• [ASSIGNED TASK]
Leave out any pictures and transcribe all other data below exactly.

• [MATERIAL PROVIDED]

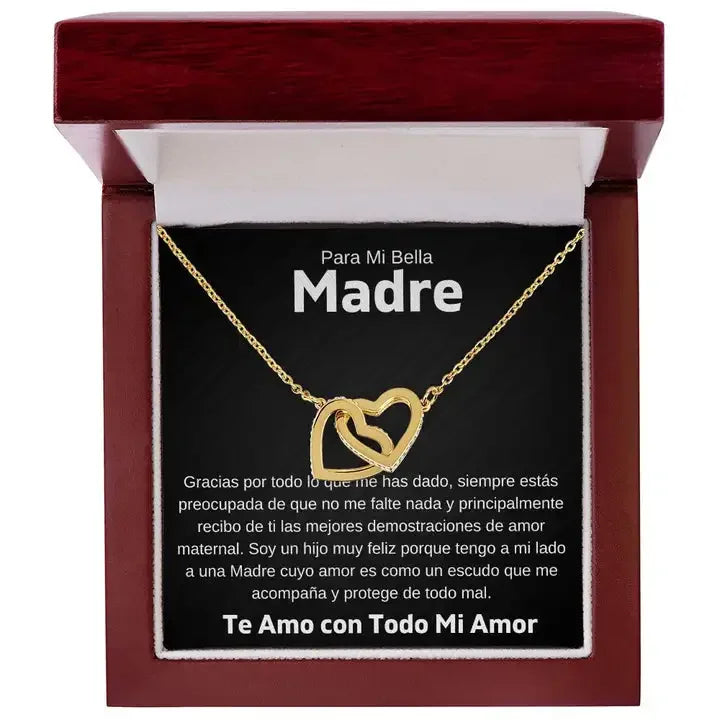 Título sugerido Collar "Para Mi Bella Madre" – Dos Corazones Entrelazados con Caja Elegante y Tarjeta Dedicatoria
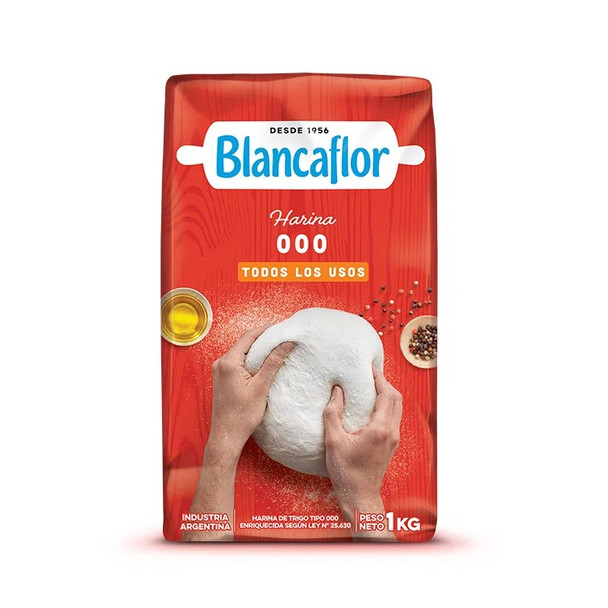 Blancaflor 000 Harina de trigo fina Premium, 1 kg / 2.2 lb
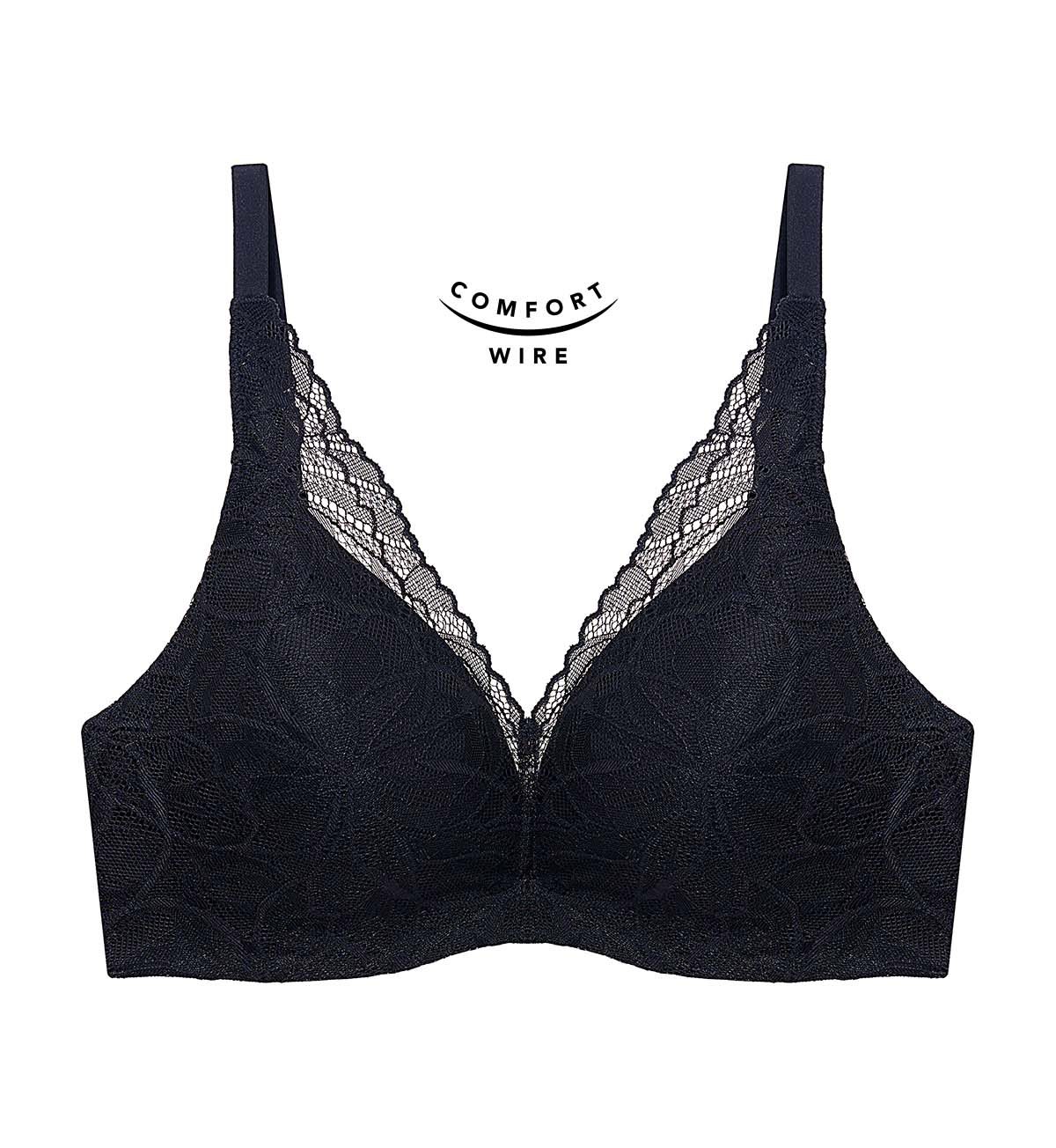 Body Makeup Illusion Lace Wired Push Up Deep V Bra - Image 7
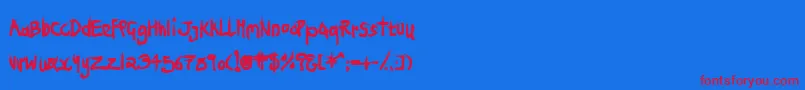 Ninjp Font – Red Fonts on Blue Background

• [SOLUTION TO THIS PROBLEM]
 Título sugerido Collar "Para Mi Bella Madre" – Dos Corazones Entrelazados con Caja Elegante y Tarjeta Dedicatoria
 Blancaflor 000 Harina de trigo fina Premium, 1 kg / 2.2 lb
 Body Makeup Illusion Lace Wired Push Up Deep V Bra - Image 7
 Ninjp Font – Red Fonts on Blue Background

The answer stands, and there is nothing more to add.